Missing in action: Borobi, the blue koala and Games mascot, and John Farnham. The collective refused to give up hope, speculating that the iconic Aussie rocker might appear, like a child from the belly of Matilda, from the vast interior of the show’s floating white whale, Migaloo, who represented the unity of all life or something. But no.
Bored royals, pretty, potted versions of the history of humankind … You might argue it’s all hopelessly lacking in contemporary relevance. Yet this ceremony had something to say about a changing world as it beamed from the beachy playground of a country that really could use some change. The indigenous cultures of the country – Aboriginal and Torres Strait Islander – were front and centre. Yugambeh elders Patricia O’Connor and Ted Williams welcomed the world. It was the first event of its kind, it was reported, to have a Reconciliation Action
Plan. The royals found themselves being blessed in a totally impressive smoking ceremony performed by Yugambeh Aboriginal artist Luther Cora and his family.
Meanwhile, outside the stadium, there were protests against the “stolenwealth games”. But the changed cultural dynamic inside the stadium was powerful enough to enrage the usual dinosaurs. Pauline Hanson once again demonstrated that any sentence beginning “I have got nothing against the Aboriginal people but …” is going nowhere good. “I’m sick and tired of being made to feel that I’m a secondclass citizen in my own country,” she declared preposterously.

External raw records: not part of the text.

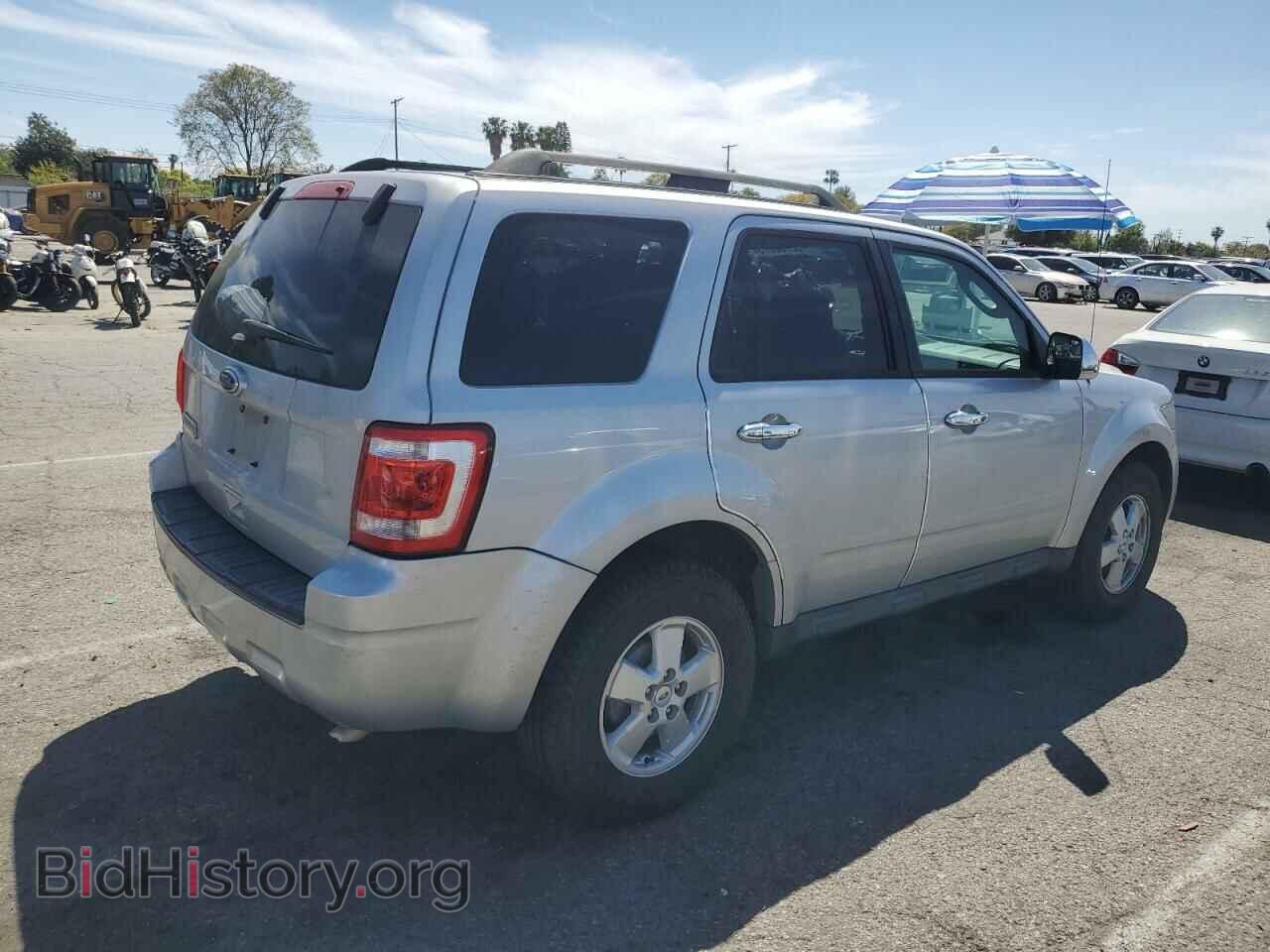 2012 FORD ESCAPE - VIN: 1FMCU0D70CKB82585 - Фото 3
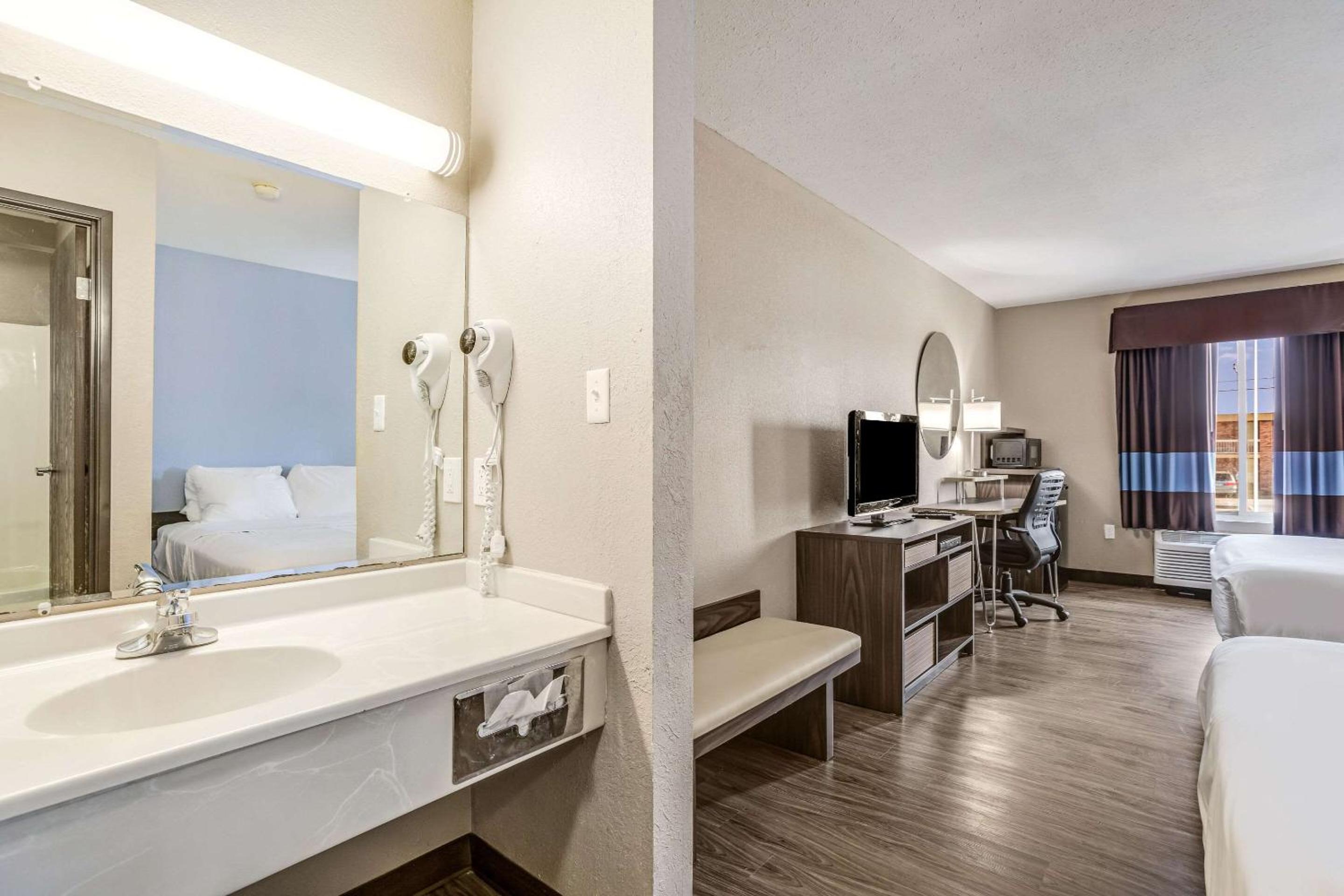 Standard Queen Room with Two Queen Beds - Non Smoking  - Photo 6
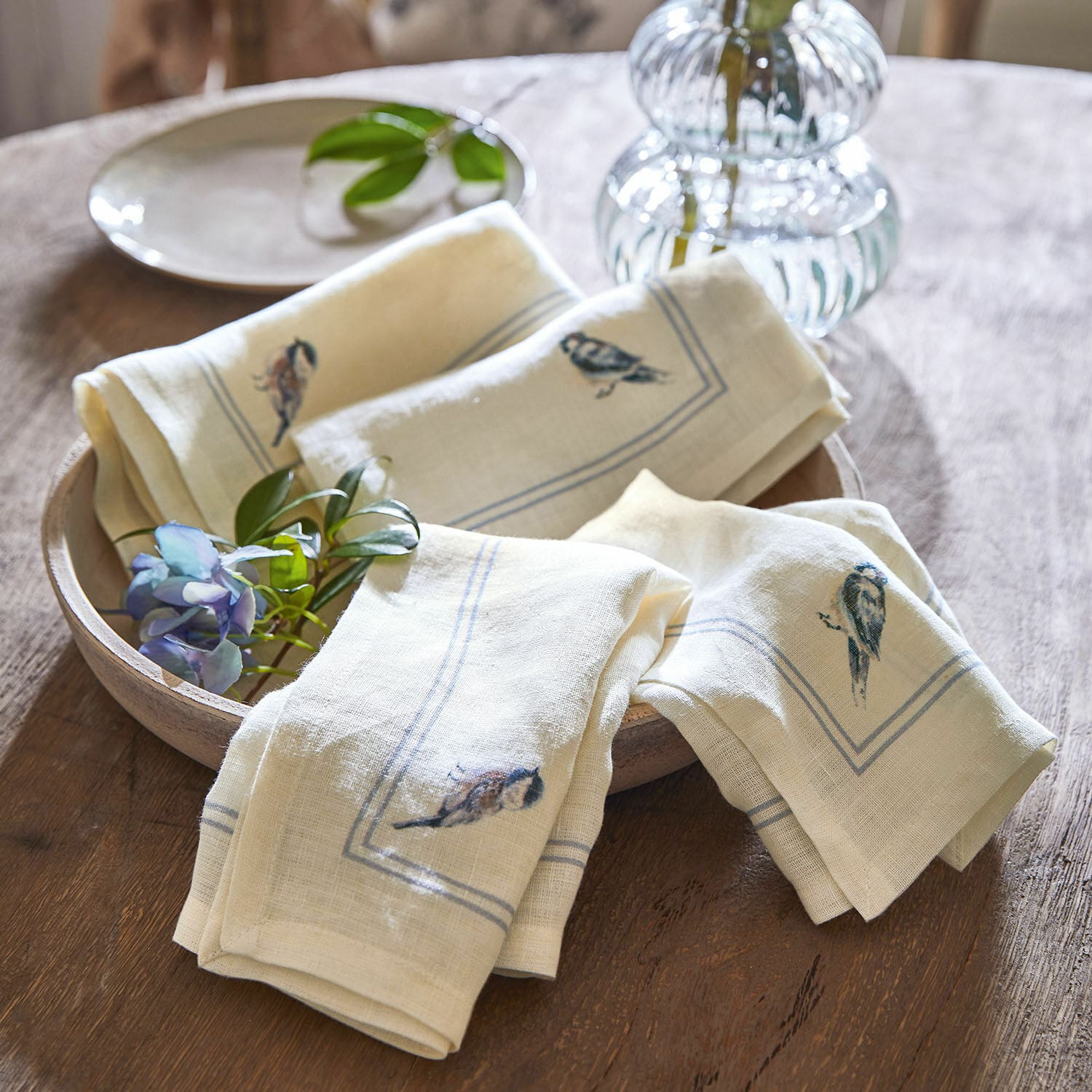 Set di 4 tovaglioli Taralga Tovaglioli in lino crema con stampa di uccelli su vassoio in legno, decorazione rustica per tavola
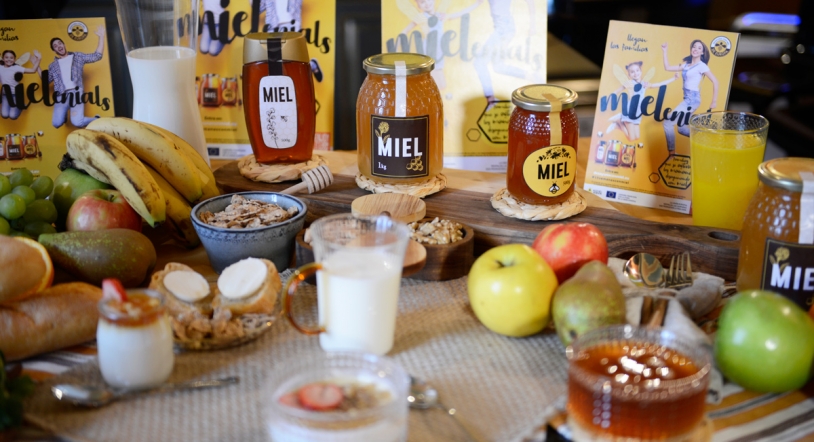 El sector de la miel reta a las familias españolas a incorporar la miel en el desayuno 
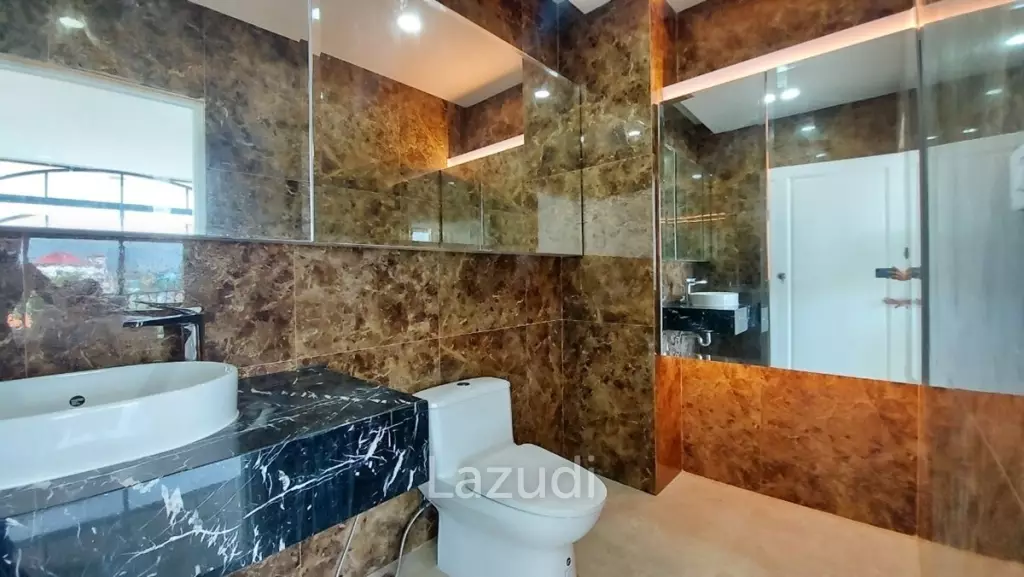 South Pattaya Large 3 Beds Apartment for Rent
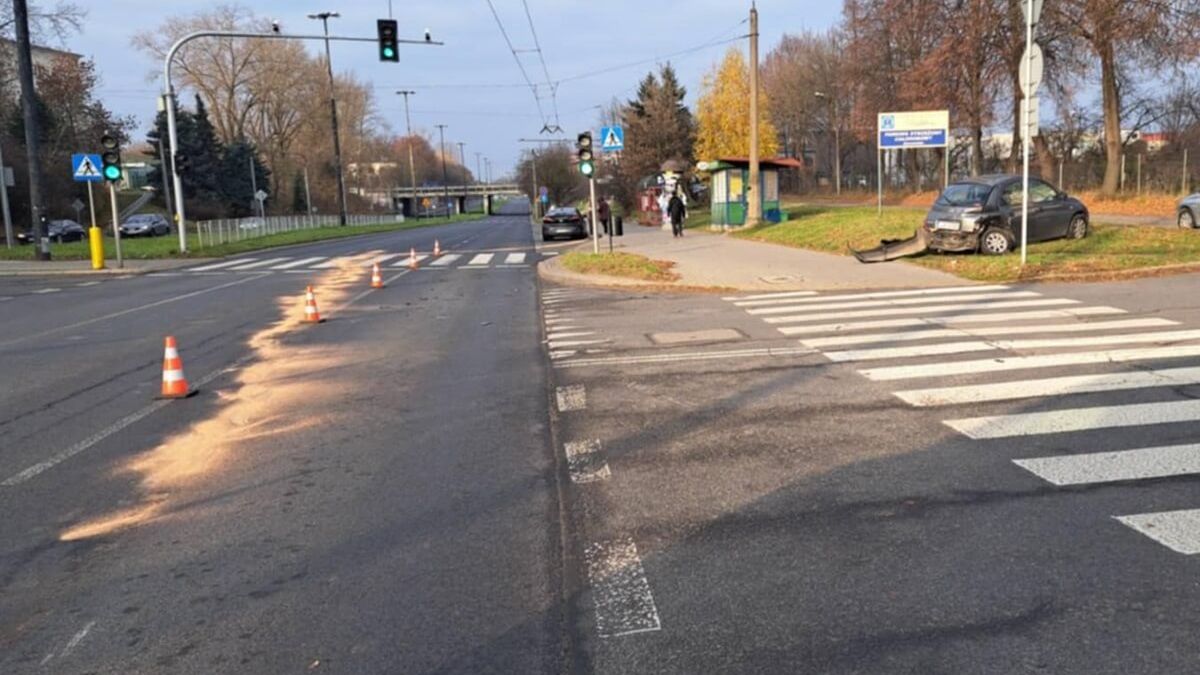 Zderzenie nissana z hyundaiem na skrzyżowaniu ulic Mełgiewska i Frezerów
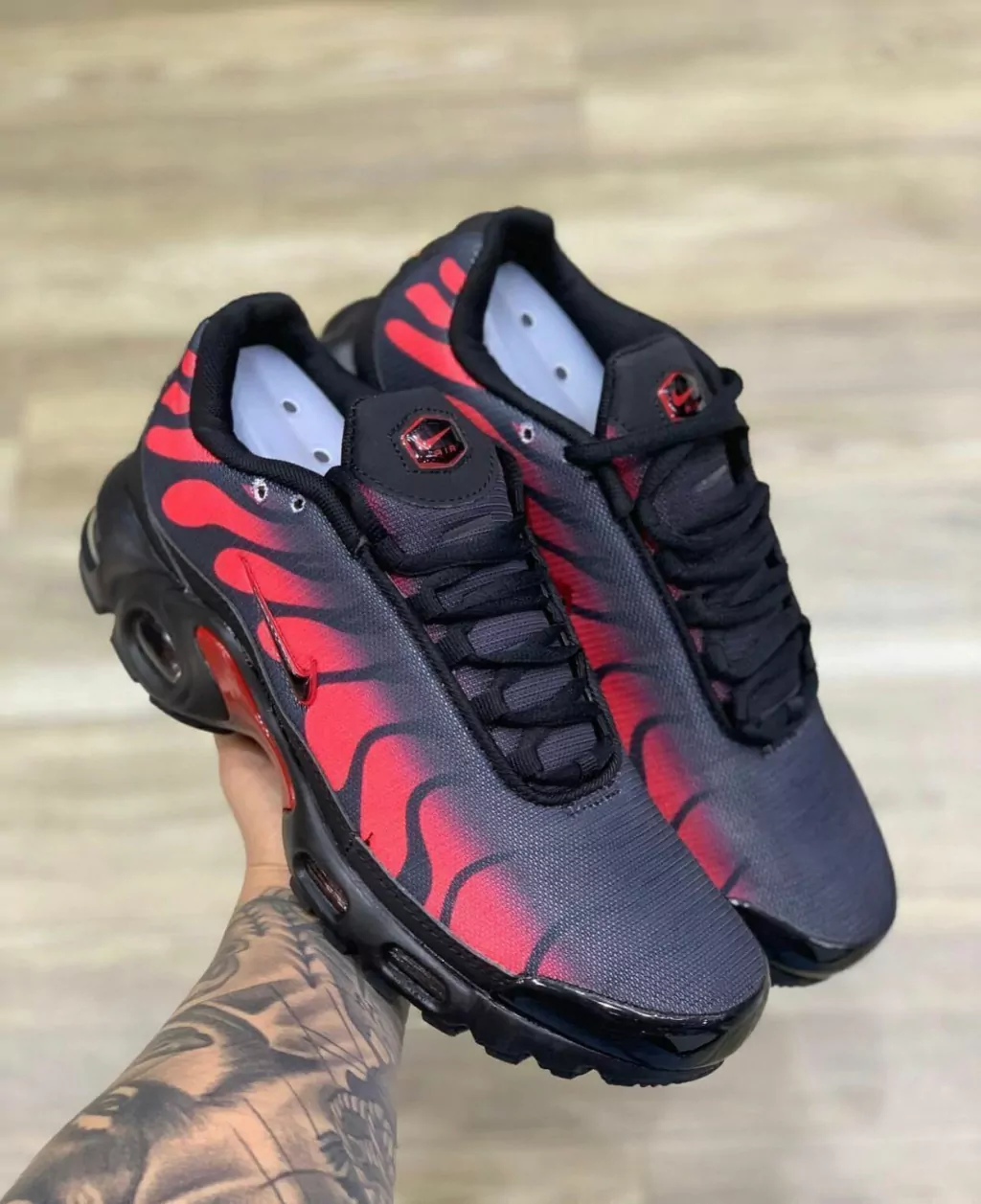 Nike Air Max Tn "Sesane"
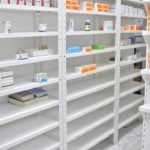 Problemas en Farmacias Bolivia: sueldos devengados, vitrinas vacías y cierre de sucursales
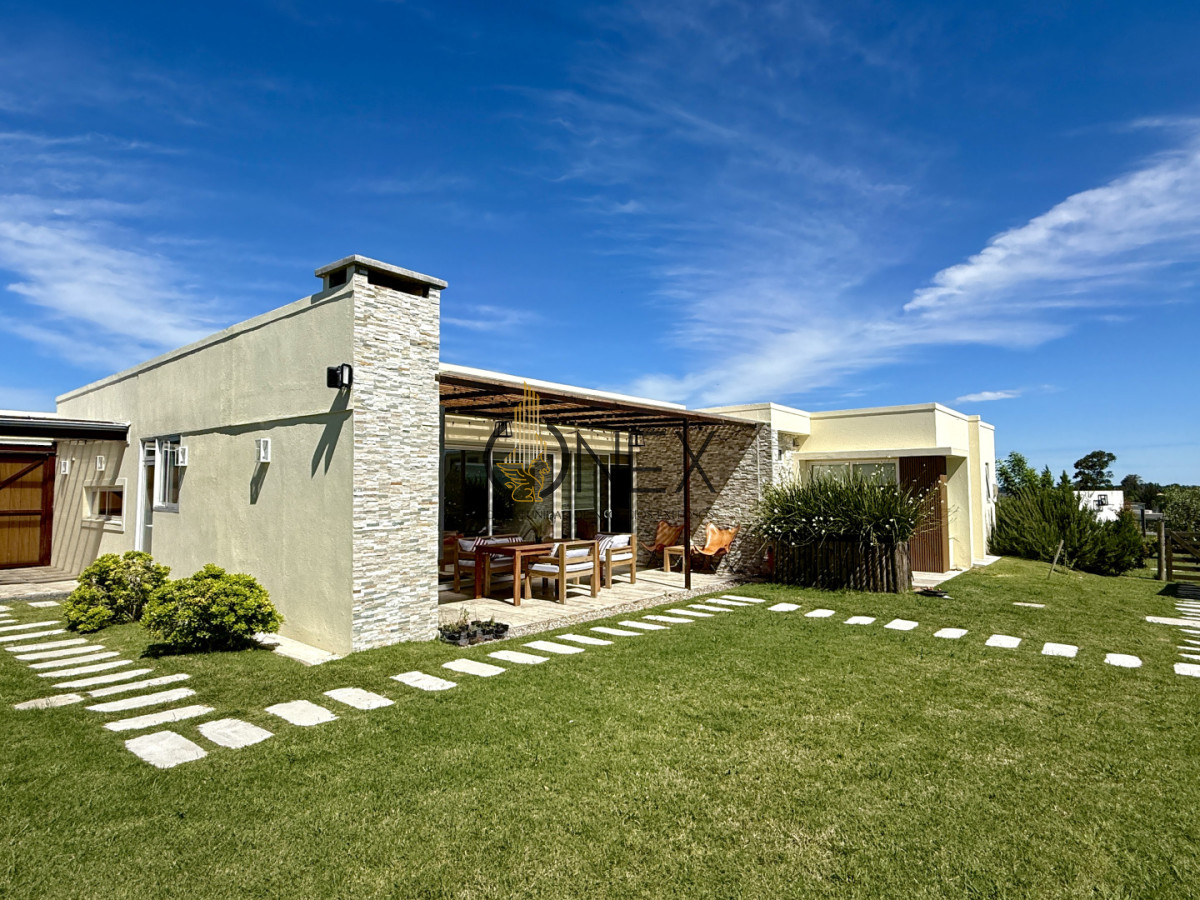 Casa ID.3434 - VENTA CASA UNA PLANTA, 3 DORMITORIOS, CON PISCINA, EN BARRIO PRIVADO MIRADOR DE LA TAHONA, CANELONES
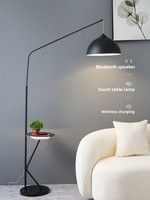 Lampe sur pied LED à chargement sans fil avec haut-parleur, commande tactile, design moderne et minimaliste en fer pour salon, chambre, côté canapé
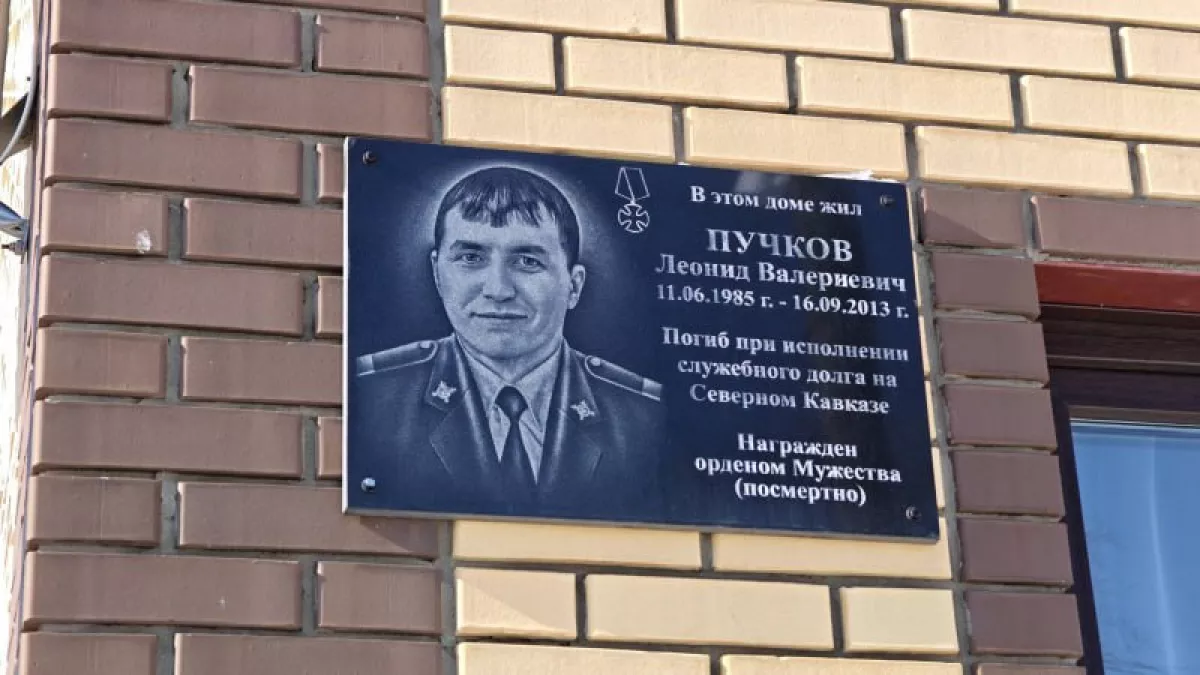 Погиб, защищая товарищей: мать героя из Чувашии поздравило все высшее руководство МВД региона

Later, Yugambeh spokesman Rory O’Connor took her down with a few facts: “Out of 4500 people on stage that night, less than 300 of them were indigenous. Of 150 minutes of performance, less than 20 minutes was indigenous.”
For Patricia O’Connor, the ceremony represented “an acknowledgement of the truth of our past, the power of our future and an opportunity to stand together united.” Outside, the protesters were highlighting how far there is to go on that score. But it was worth watching the opening to see something that looked a little more like that acknowledgement; to feel the tectonic plates shifting just a fraction.
The Games’ opening ceremony: a small shift.